State-run Bharat Petroleum Corporation (BPCL) reported a six per cent decline in its net profit for the December 2017 ended quarter, a fall led by higher expenses.
The state-run oil marketer on Friday also said the company's board of directors also declared an interim dividend of Rs 14 per equity share.
For the October-December 2017 period, BPCL reported a standalone net profit of Rs 21.43 billion, 6% lower from Rs 22.71 billion reported in the same period a year back. Total income for the quarter under review was at Rs 709.22 billion, 10% higher from Rs 646.46 billion reported in the same period a year back.

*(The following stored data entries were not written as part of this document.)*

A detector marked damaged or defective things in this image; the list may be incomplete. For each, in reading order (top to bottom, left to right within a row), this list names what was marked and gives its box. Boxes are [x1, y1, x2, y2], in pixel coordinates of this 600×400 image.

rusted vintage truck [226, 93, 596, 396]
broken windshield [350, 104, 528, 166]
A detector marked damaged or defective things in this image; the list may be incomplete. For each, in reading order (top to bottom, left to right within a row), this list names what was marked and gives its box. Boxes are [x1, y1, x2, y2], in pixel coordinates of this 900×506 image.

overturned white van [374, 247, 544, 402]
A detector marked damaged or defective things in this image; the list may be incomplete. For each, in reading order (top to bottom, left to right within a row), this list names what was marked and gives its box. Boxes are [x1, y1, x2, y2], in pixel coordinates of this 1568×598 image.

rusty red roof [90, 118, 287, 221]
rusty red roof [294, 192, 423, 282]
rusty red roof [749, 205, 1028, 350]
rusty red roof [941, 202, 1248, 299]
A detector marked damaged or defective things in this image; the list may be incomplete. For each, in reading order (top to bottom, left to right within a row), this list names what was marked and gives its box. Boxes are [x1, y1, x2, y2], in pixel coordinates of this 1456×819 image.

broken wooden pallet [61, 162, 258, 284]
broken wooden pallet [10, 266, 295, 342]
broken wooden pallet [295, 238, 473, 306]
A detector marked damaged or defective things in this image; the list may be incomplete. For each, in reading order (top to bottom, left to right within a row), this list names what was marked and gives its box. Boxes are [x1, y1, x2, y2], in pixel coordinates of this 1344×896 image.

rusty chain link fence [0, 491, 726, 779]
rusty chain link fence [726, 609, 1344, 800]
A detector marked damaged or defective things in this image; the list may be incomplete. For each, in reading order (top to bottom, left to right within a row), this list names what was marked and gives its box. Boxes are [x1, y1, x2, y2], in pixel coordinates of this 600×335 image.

Total expenses, on the other hand, were 11% higher at Rs 678.84 billion, against Rs 613.97 billion reported in the corresponding quarter a year back.
The company's average gross refining margins (GRM) for the December quarter was at $ 7.89 per barrel, against $5.90 per barrel reported for the corresponding quarter a year ago. GRM is the difference between the value of goods produced by an oil refinery and the price of the raw material used in manufacturing it.
Total market sales for the nine-month period of April-December 2017, was at 30.48 million tonnes, against 28.42 million tonnes reported of the same period a year ago. The seven percent rise, the company said, was led by the retail sale of petrol and diesel, in addition to demand rise seen for liquefied petroleum gas (LPG).